Variety: ML models come in many varieties (tabular, time series, text, image, video, and audio), and often these modalities are mixed for certain domains, further adding to the complexity of tracking the performance of the model.
Volume: The rise of cloud computing has enabled teams to train multiple models with more data in parallel, which makes it harder to keep track of the training data.

Teams must be able to monitor sudden changes in data distributions that might lead to bias. Other issues might arise from the model being trained on too little or too much data, making it underperform. Tracking all the parameters that can affect a model’s performance is much harder than tracking code changes in a repository.

The metrics often used to track model performance are:

Accuracy: The percentage of total predictions that were actually correct
Precision: The percentage of positive cases that were correctly identified
Negative predictive value: The percentage of negative cases that were correctly identified
Sensitivity/recall: The percentage of actual positive cases that are correctly identified
Specificity: The proportion of actual negative cases that are correctly identified

Using some or all of these metrics, a model can be tracked from offline to online and have its performance measured against a simulated baseline. Since different models have different types of data and outputs, each will use different forms of these metrics. A tool that’s commonly used to visualize them is the confusion matrix. Figure 1-1 illustrates this concept using a matrix with binary classification (the model only predicts either true or false). If the model has more output classes, then this matrix can be scaled to any number of rows and columns to analyze all the classes that are underperforming.
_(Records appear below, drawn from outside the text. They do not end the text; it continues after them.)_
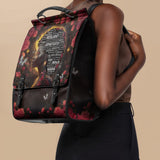 "Aurenna" Leather Backpack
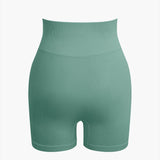 Elaine | Naadloos Sportset met Crop-Top & Yoga Shorts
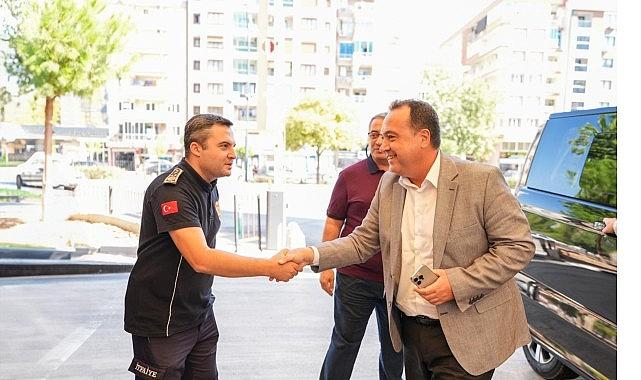 Termal Gözler Manisa'yı 7/24 İzleyecek Termal Gözler Manisa'yı 7/24 İzleyecek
Using this matrix, we can see that:

Accuracy = TP + TN / (TP + TN + FP + FN)
Precision = TP / (TP + FP)
Recall = TP / (TP + FN)

Although these metrics can offer a good measure of the performance of a model, it is not always possible to determine the “true” values of the predictions once a model is deployed. In production situations, models are often measured in relation to the business outcome they are trying to achieve. For example, a marketing model aimed at targeted emails might be measured by how many of the emails result in a purchase. In this scenario, the model is not measured by accuracy but by the business outcome it is able to achieve. We will go into more detail about all of these metrics in later chapters.

The ML Development Process

Developing a machine learning model typically involves multiple steps, with various stakeholders working together and constantly iterating on data and models in the workflow. As the first step, data scientists define a business problem and turn it into a machine learning model, after gathering the necessary data.

Next, a model validator evaluates the model to make sure it works as intended and complies with company standards and government regulations. After the model is validated, it’s deployed into production by a machine learning engineer and starts to make predictions in business applications. Once it’s in production, the process of continuous monitoring, testing, and debugging starts, typically managed by a team of DevOps engineers, data engineers, ML engineers, and data scientists. And finally, teams analyze the model’s output in real time or in batches to check its performance, fix errors, and gather insights to train a better-performing model.

The stakeholders may vary from company to company because this field is still new and developing, but the core loop of iterating ML models remains the same. Simply put, MLOps is this continuous feedback-driven loop of operationalizing machine learning models. To close this loop, MLOps requires a dedicated framework that can act as a centralized control system at the heart of the ML workflow. This framework, which tracks and monitors the model’s performance through all the stages, is model performance management.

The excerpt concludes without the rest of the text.